▶ [Task input]:
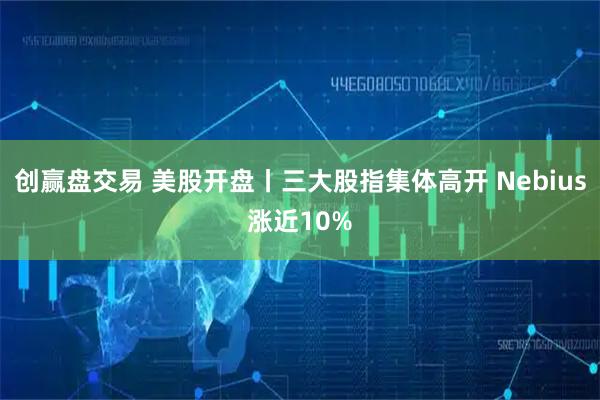创赢盘交易 美股开盘丨三大股指集体高开 Nebius涨近10%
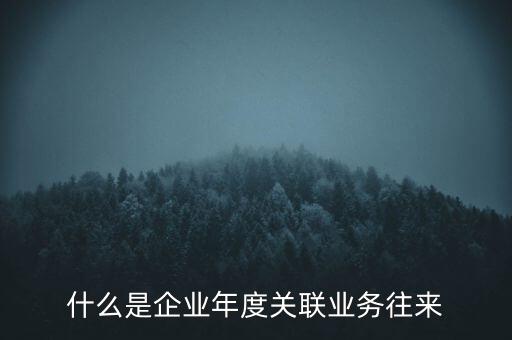 什么叫年度關聯(lián)業(yè)務，什么是企業(yè)年度關聯(lián)業(yè)務往來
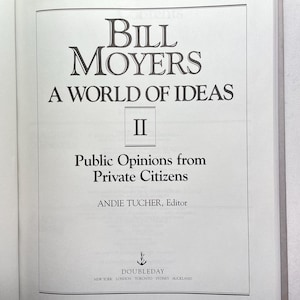 May include: Open book page with the title "Bill Moyers: A World of Ideas, II." The text "Public Opinions from Private Citizens" is below the title. The editor's name, Andie Tucher, is also visible.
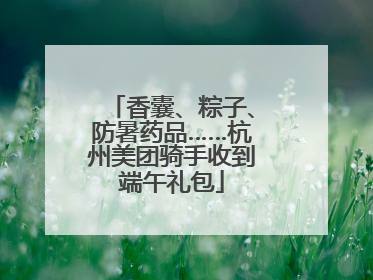 香囊、粽子、防暑药品……杭州美团骑手收到端午礼包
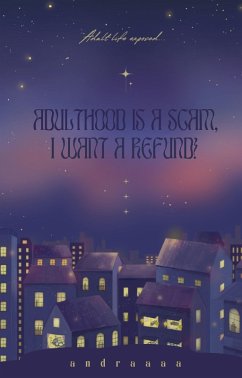 Adulthood is a Scam I Want a Refund (eBook, ePUB) Cover Adulthood is a Scam I Want a Refund (eBook, ePUB)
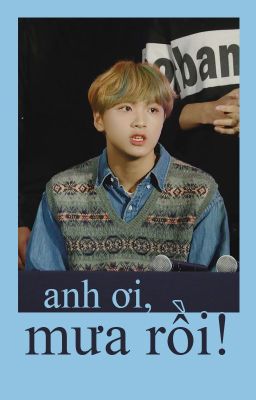 anh ơi, mưa rồi // Mark x Donghyuck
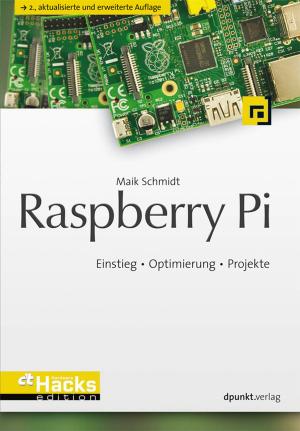 Cover of the book Raspberry Pi by Uwe Haneke, Stephan Trahasch, Michael Zimmer, Carsten Felden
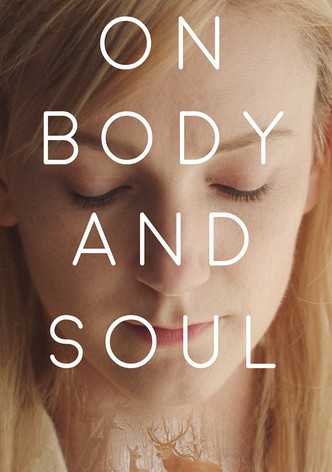 On Body and Soul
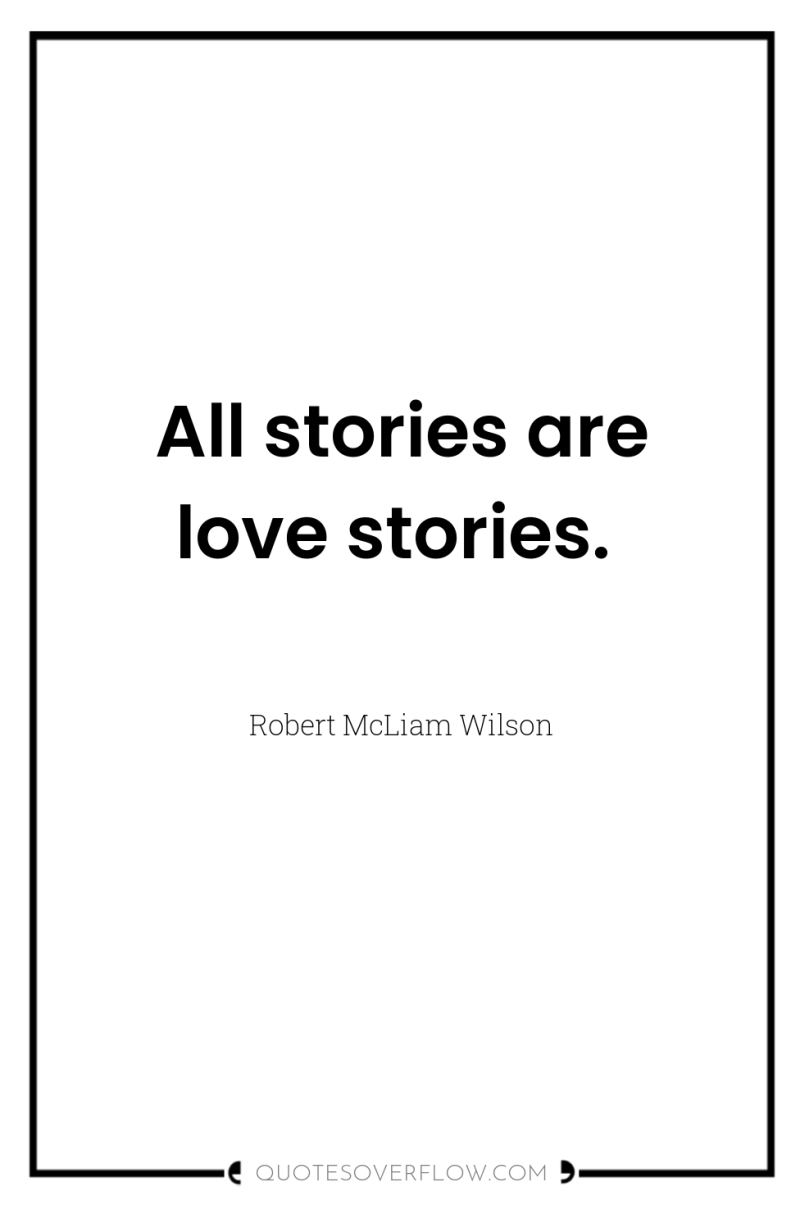 All stories are love stories. 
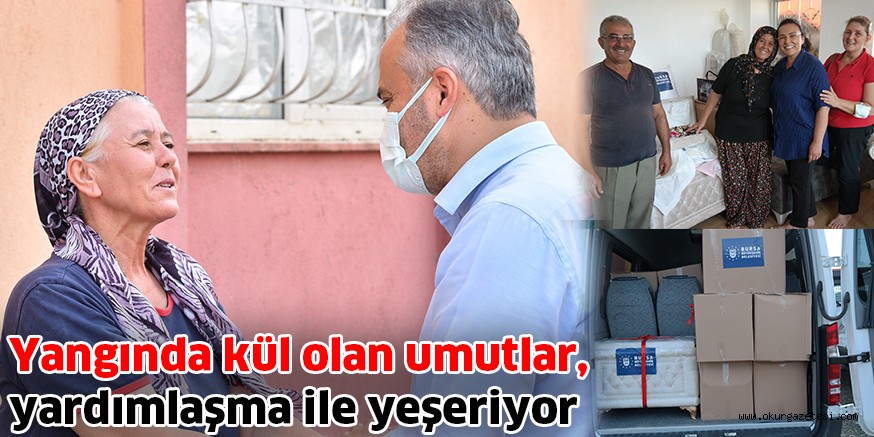 Yangında kül olan umutlar, yardımlaşma ile yeşeriyor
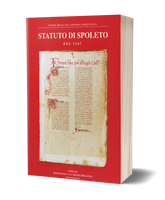Statuto di Spoleto del 1347, con Additiones del 1348 e del 1364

▶ [Work required]: Exact copy, no pictures: please print the data above once more.

▶ [Solved problem]:
创赢盘交易 美股开盘丨三大股指集体高开 Nebius涨近10%
 什么叫年度關聯(lián)業(yè)務，什么是企業(yè)年度關聯(lián)業(yè)務往來
 May include: Open book page with the title "Bill Moyers: A World of Ideas, II." The text "Public Opinions from Private Citizens" is below the title. The editor's name, Andie Tucher, is also visible.
 香囊、粽子、防暑药品……杭州美团骑手收到端午礼包
 Adulthood is a Scam I Want a Refund (eBook, ePUB) Cover Adulthood is a Scam I Want a Refund (eBook, ePUB)
 anh ơi, mưa rồi // Mark x Donghyuck
 Cover of the book Raspberry Pi by Uwe Haneke, Stephan Trahasch, Michael Zimmer, Carsten Felden
 On Body and Soul
 All stories are love stories. 
 Yangında kül olan umutlar, yardımlaşma ile yeşeriyor
Statuto di Spoleto del 1347, con Additiones del 1348 e del 1364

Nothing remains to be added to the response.